She continues, "Over the last four decades, Hyde has brought pain and punishment to federal employees and their dependents, our brave women in uniform, female veterans, Native Americans, Peace Corps volunteers and D.C. residents." However, "[a]s the list of those impacted by coverage bans has grown, so has the movement fighting back," Lee writes, noting that in collaboration "with All* Above All and other bold organizations, we are back on the offensive."
Lee spotlights the EACH Woman Act (HR 2972), which she introduced last year with 70 co-sponsors. According to Lee, the bill, which now has 120 co-sponsors, would "stop politicians from interfering with a woman's personal health care decision" and "lift the coverage bans that prevent women from making the decision that's best for her and her family."

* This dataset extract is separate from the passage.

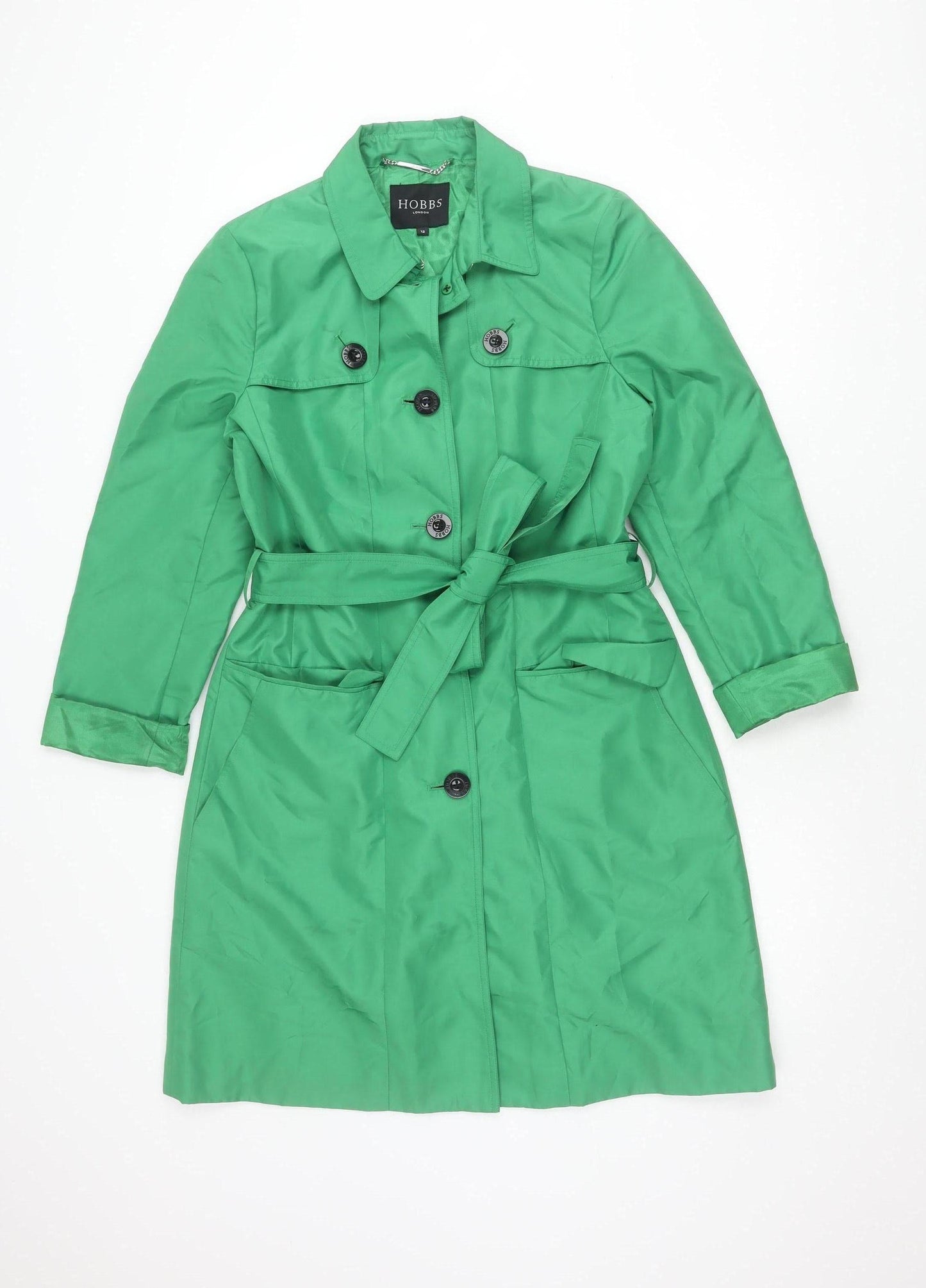 Hobbs Women's Green Trench Coat Size 12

Lee notes that "this movement isn't just members of Congress; it's people and organizations of conscience including abortion funds, labor unions, people of faith, groups representing black, Latino and Asian-American communities and youth organizations who have declared their support."
Lee concludes, "I've been fighting the Hyde Amendment for 40 years, and we are finally on the offensive. The current groundswell of support is nothing like I've seen before. I truly believe this is a battle we can win. More than that, it's a battle we must win" (Lee, U.S. News & World Report, 9/28).